A: It's a tremendous achievement for human scientists to design a machine smart enough to beat not only the reigning chess champion, but also a man said to be the best chess champion ever. Kasparov, for his part, claims that these programs are making him a better chess player.
Q: And what about the recent wins by IBM's program Watson at the guessing game, Jeopardy?
This was spectacular. Watson had to understand natural language—in this case, English—to the point where it (yes, everyone on the Jeopardy program was referring to it as "he," but I'll continue to say "it") could outguess two of the best human players ever. To play Jeopardy, you must be able to crack riddles, puns, puzzles, and interpret ambiguous statements. Watson is a tremendous achievement.
Q: Does this mean that machines are smarter than we are?
A: Machines have been "smarter" than us in many ways for a while. Chess and Jeopardy are the best-known achievements, but many artificially intelligent programs have been at work for more than two decades in finance, in many sciences, such as molecular biology and high-energy physics, and in manufacturing and business processes all over the world. We've lately seen a program that has mastered the discovery process in a large, complex legal case, using a small fraction of the time, an even smaller fraction of costs—and it's more accurate. So if you include arithmetic, machines have been "smarter" than us for more than a century. People no longer feel threatened by machines that can add, subtract, and remember faster and better than we can, but machines that can manipulate and even interpret symbols better than we can give us pause.

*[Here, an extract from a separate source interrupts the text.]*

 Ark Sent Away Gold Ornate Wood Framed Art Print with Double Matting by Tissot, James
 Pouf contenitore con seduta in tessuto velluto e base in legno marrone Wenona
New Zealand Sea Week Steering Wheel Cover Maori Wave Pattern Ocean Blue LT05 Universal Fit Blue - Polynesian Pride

Q: Those are very narrow domains. Do general-purpose intelligent machines as smart as humans exist?
A: Not yet. But scientists are trying to figure out how to design a machine that exhibits general intelligence, even if that means sacrificing a bit of specialized intelligence.
Q: If the human chess champion has finally been defeated, and the best human Jeopardy players went down, what's the next big goal?

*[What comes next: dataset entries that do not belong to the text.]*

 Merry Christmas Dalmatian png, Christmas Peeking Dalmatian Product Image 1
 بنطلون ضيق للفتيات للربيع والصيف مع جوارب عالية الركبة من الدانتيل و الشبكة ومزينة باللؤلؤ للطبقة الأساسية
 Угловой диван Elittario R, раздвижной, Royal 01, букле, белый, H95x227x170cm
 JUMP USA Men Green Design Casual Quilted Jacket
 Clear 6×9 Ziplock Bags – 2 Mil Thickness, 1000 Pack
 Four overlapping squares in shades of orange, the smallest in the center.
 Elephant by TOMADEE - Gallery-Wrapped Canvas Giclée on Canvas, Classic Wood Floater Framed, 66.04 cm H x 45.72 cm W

A: It took fifty years between the time scientists first proposed the goal of a machine that could be the world's chess champion, and when that goal was reached. It took another fourteen years for Watson to emerge as the Jeopardy champion. In the late 1990s, a major new goal was set. In fifty years, AI should field a robot team of soccer players to compete with and defeat the human team of champions at the World's Cup. In the interim, more modestly accomplished soccer robots are teaching scientists a great deal about physical coordination in the real world, pattern recognition, teamwork, and real-time tactics and strategy under stress. Scientists from all over the world are fielding teams right now–one of the most obvious signs of how international artificial intelligence research has become.

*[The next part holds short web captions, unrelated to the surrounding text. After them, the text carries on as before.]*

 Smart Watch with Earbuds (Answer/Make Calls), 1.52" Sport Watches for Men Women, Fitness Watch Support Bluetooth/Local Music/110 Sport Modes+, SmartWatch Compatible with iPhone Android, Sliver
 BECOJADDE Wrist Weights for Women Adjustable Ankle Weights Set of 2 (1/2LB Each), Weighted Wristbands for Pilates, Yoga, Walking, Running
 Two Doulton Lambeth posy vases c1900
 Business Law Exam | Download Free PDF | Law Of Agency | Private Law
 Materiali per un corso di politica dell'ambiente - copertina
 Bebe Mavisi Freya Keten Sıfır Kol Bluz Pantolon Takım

Q: Artificial intelligence–is it real?
A: It's real. For more than two decades, your credit card company has employed various kinds of artificial intelligence programs to tell whether or not the transaction coming in from your card is typical for you, or whether it's outside your usual pattern. Outside the pattern, a warning flag goes up. The transaction might even be rejected. This isn't usually an easy, automatic judgment–many factors are weighed as the program is deciding. In fact, finance might be one of the biggest present-day users of AI. Utility companies employ AI programs to figure out whether small problems have the potential to be big ones, and if so, how to fix the small problem. Many medical devices now employ AI to diagnose and manage the course of therapy. Construction companies use AI to figure out schedules and manage risks. The U.S. armed forces uses all sorts of AI programs–to manage battles, to detect real threats out of possible noise, and so on. Though these programs are usually smarter than humans could be, they aren't perfect. Sometimes, like humans, they fail.
Q: What so-called smart computers do–is that really thinking?
A: No, if you insist that thinking can only take place inside the human cranium. But yes, if you believe that making difficult judgments, the kind usually left to experts, choosing among plausible alternatives, and acting on those choices, is thinking. That's what artificial intelligences do right now. Along with most people in AI, I consider what artificial intelligences do as a form of thinking, though I agree that these programs don't think just like human beings do, for the most part. I'm not sure that's even desirable. Why would we want AIs if all we want is human-level intelligence? There are plenty of humans on the planet. The field's big project is to make intelligences that exceed our own. As these programs come into our lives in more ways, we'll need programs that can explain their reasoning to us before we accept their decisions.
Q: But doesn't that mean our own machines will replace us?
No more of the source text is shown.